Etats-Nations encore récents, les pays d’Europe centrale et des Balkans veulent que soient prises en compte les spécificités de leur passé. Dans les cas hongrois et serbe, celui-ci inclut un traumatisme dont l’Europe (et les Etats-Unis) sont pour partie responsables, par l’amputation territoriale imposée par le traité de Trianon et l’intervention militaire de l’OTAN contre Belgrade.
En votant Orban ou Nikolic, les citoyens hongrois et serbes ne signifient pas leur rejet de l’Europe mais rappellent que leurs jeunes Etats ne sont pas arrivés à l’ère du "post-national" et que leur indépendance est encore trop récente pour qu’ils soient déjà prêts à consentir des abandons de souveraineté. Le véritable problème dans ces pays, comme dans l’ensemble de la région, est la difficulté à faire émerger une notion contractuelle, volontariste de la citoyenneté, détachée des déterminants ethnique et religieux. Or l’Union européenne semble privilégier la construction du marché européen, la contrainte budgétaire et les aspects économiques de son fonctionnement au détriment des valeurs fondatrices.
Ceci nous conduit directement à la situation de la Grèce. Mouvement authentiquement néo-nazi, l’Aube dorée existe depuis le début des années 80. Lors des élections de 2009, elle demeurait au stade groupusculaire avec 0,29% des voix. Peut-on sérieusement croire qu’en trois ans, près de 7% de nationaux-socialistes convaincus ont émergé en Grèce ? En même temps que l’Aube dorée progresse, l’autre parti d’extrême-droite grec, LAOS, chute de 5,63 à 2,9%. L’explication est limpide : alors que les néo-nazis ont fait campagne contre l’Europe et le plan d’austérité qu’elle impose, LAOS a brièvement participé au gouvernement Papademos et a payé au prix fort son acceptation, avant rétractation, de la purge financière imposée par l’UE et le FMI. Ces deux instances semblent ne rien vouloir entendre du vote du peuple grec. Le politiquement correct du moment est de s’alarmer du néo-nazisme à Athènes et d’y amalgamer, de manière stupéfiante, la percée électorale d’une gauche radicale qui a pourtant réaffirmé son souhait que la Grèce reste dans l’Europe. A ce compte, le scrutin du 17 juin risque de confirmer le score de l’extrême- droite radicale.

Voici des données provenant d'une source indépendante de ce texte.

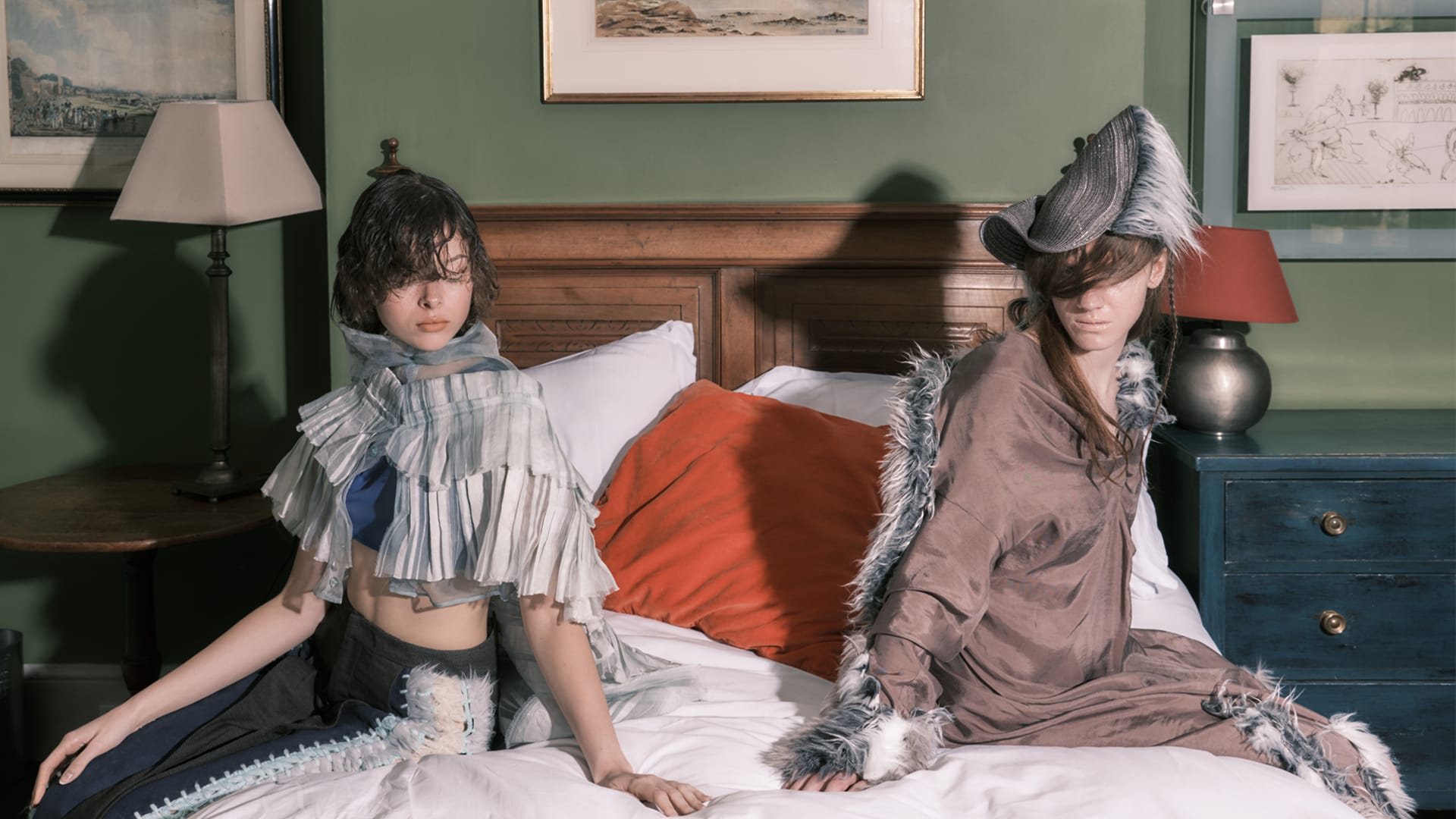 Two women are posed on a bed with a crisp white duvet and a bright orange pillow. Their expressions are serious.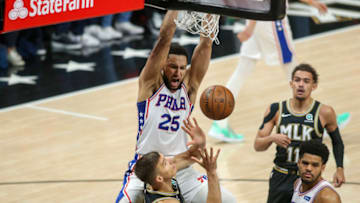 Jun 14, 2021; Atlanta, Georgia, USA; Philadelphia 76ers guard Ben Simmons (25) dunks over Atlanta Hawks guard Bogdan Bogdanovic (13) in the first quarter during game four in the second round of the 2021 NBA Playoffs at State Farm Arena. Mandatory Credit: Brett Davis-USA TODAY Sports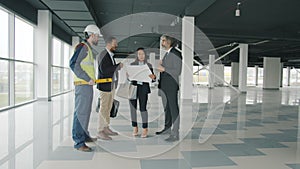 Multi-ethnic group of businesspeople talking and studying blueprint indoors in modern commercial building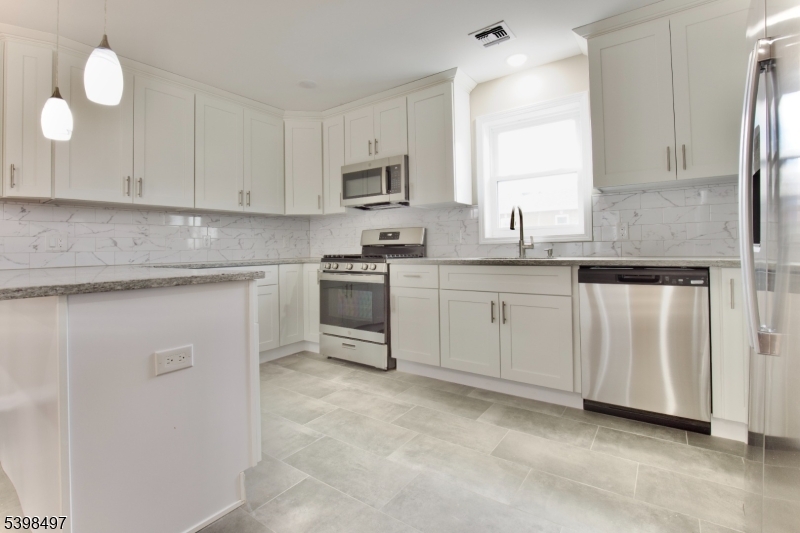 32 Garibaldi Avenue, Unit 3 Newark, NJ 07114 - Photo 3 of 20 a kitchen with white cabinets stainless steel appliances and sink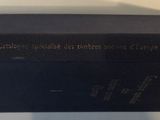 a black box with a clock on top of it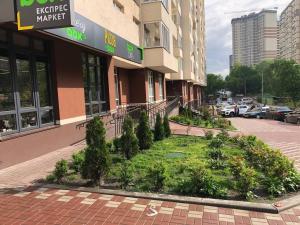 a building with a garden in front of a building at Apartment Kiev Studio with city view in Kyiv
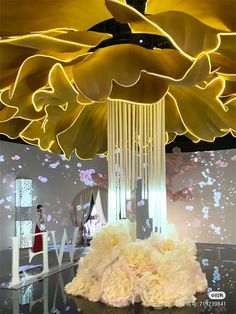 a chandelier hanging from the ceiling in a room with white flowers on it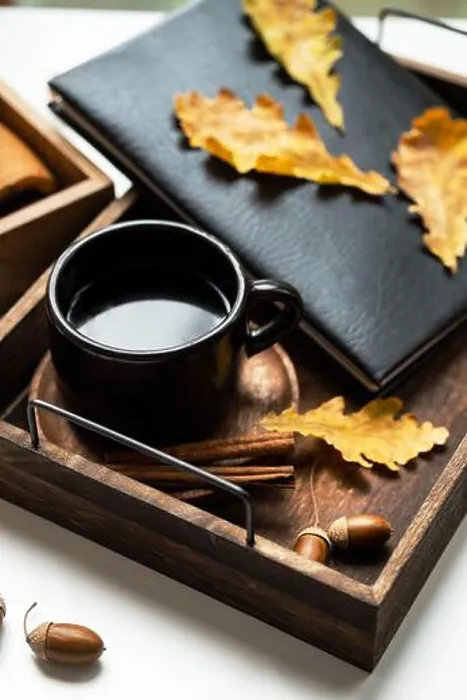 Framed Print : Cozy fall morning at home. Coffee cup, book and autumn leaves on wooden tray Framed Print : Cozy fall morning at home. Coffee cup, book and autumn leaves on wooden tray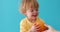 Boy holding a grapefruit. Healthy food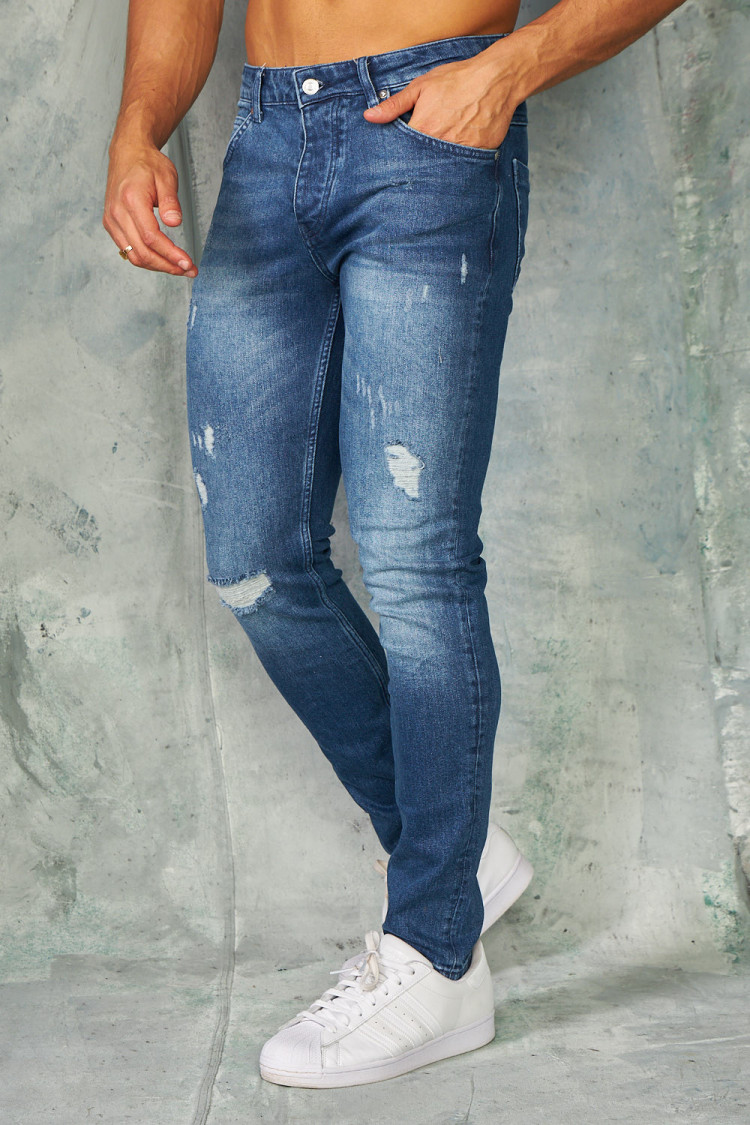 Jeans slim bleu foncé délavé déchiré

Il ne suffit pas, en effet, de multiplier les références aux valeurs de l’Union. Encore faut-il déterminer si elles ont la prééminence sur la nécessaire élaboration d’une politique économique commune ou si elles ne lui sont que subordonnées. Il faut admettre que l’intégration a eu un coût social élevé – et la Serbie passera aussi par là- mal préparé, non corrigé par des politiques d’égalité et de redistribution et qu’elle a été le moyen d’enrichissement non contrôlé d’élites dont le pro-européisme apparaît aux peuples comme bien intéressé.